Paralympian’s hail the launch of ground-breaking movie Rising Phoenix, which features the story of the Paralympic Games movement to coincide with one-year-to-go celebrations for Tokyo 2020.
Featuring nine Paralympians from across the world, this cutting-edge movie tells the remarkable story of the Paralympic Games from the rubble of World War II until becoming the third biggest sporting event on the planet.
‘Rising Phoenix’ examines how the Paralympics have sparked a global movement throughout the decades and shows how it continues to change the way the world thinks about disability, excellence, diversity and human potential.

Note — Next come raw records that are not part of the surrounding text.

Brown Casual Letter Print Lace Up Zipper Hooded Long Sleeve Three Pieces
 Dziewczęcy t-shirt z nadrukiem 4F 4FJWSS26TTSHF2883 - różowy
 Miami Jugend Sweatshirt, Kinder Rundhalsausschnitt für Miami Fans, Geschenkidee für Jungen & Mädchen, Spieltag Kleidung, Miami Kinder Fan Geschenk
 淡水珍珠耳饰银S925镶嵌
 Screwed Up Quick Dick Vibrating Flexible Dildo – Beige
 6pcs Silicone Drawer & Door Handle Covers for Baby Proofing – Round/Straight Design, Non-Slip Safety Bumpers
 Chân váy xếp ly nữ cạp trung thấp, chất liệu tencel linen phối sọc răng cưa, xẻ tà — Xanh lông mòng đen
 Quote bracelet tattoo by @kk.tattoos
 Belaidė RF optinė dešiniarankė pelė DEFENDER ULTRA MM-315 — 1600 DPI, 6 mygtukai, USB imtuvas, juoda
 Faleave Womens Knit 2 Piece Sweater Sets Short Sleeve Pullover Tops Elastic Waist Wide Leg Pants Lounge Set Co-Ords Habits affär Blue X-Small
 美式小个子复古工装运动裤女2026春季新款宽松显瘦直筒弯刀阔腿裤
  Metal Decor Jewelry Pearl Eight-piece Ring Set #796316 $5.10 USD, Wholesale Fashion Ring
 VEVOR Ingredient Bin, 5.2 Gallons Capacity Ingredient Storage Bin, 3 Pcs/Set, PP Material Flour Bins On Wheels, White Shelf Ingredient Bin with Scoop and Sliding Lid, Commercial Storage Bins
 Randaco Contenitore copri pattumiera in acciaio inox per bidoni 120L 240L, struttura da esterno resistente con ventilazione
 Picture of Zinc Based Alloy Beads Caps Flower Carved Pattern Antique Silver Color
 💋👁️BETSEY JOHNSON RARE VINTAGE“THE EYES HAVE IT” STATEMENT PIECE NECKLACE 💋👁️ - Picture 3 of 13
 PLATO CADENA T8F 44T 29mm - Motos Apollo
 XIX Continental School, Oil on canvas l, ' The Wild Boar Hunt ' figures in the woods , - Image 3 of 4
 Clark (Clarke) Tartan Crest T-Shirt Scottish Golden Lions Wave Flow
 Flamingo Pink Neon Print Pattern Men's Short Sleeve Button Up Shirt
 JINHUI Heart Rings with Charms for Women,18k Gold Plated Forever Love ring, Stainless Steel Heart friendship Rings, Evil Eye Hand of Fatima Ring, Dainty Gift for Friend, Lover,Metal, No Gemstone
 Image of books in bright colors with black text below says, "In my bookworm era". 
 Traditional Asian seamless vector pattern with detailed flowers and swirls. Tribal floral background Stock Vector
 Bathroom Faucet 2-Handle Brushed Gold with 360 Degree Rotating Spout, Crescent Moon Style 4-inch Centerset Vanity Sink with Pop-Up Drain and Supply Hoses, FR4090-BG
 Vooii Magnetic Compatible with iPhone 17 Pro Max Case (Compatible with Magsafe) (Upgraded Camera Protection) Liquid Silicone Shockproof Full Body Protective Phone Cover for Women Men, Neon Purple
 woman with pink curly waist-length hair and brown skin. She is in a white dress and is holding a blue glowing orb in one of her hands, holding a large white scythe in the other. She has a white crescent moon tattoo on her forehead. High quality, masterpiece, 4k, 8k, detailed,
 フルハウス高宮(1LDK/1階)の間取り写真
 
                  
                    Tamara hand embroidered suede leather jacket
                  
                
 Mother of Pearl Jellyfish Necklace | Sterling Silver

The athletes starring in Rising Phoenix
Nine Paralympic athletes including Bebe Vio, Jean-Baptiste Alaize, Cui Zhe, Tatyana McFadden and Great Britain’s Jonnie Peacock, share their exceptional stories of skill, power and determination to make it to the top of the third biggest sporting event in the world.
Multiple-swimming Paralympic champion Ellie Cole from Australia strongly believes ‘Rising Phoenix’ will help take the Movement in to the next level.
“When I see a piece of work like this one, and especially something that a brand like Netflix is taking up, I think back to when I was 9 or 10 years old and not knowing that Para sport even existed,” she said.
“I’ve seen the evolution to what it has become to the point where there’s a Netflix documentary and that is something else. It makes me proud because I’ve seen it change so dramatically. I know what it used to be like.
“I think people who watch the film, particularly those who aren’t fans already, are going to finally understand that the Paralympic Movement is really multi-dimensional. It’s actually so cool.”
South African Paralympic athletics silver medallist Ntando Mahlangu is one of the rising Paralympic stars, having made a name for himself at the young age of 18 following many successes on the track.
He agrees with Ellie that this documentary is an example of sport’s power for uniting the world.
“What is definitely in my heart is the story of the Paralympians. I think this is a platform where people will learn about the Paralympics and this is what I wanted.
“People are going to start supporting Paralympics, people are going to start knowing what the Paralympics are, so it’s going to be a good platform for everyone in the Paralympics.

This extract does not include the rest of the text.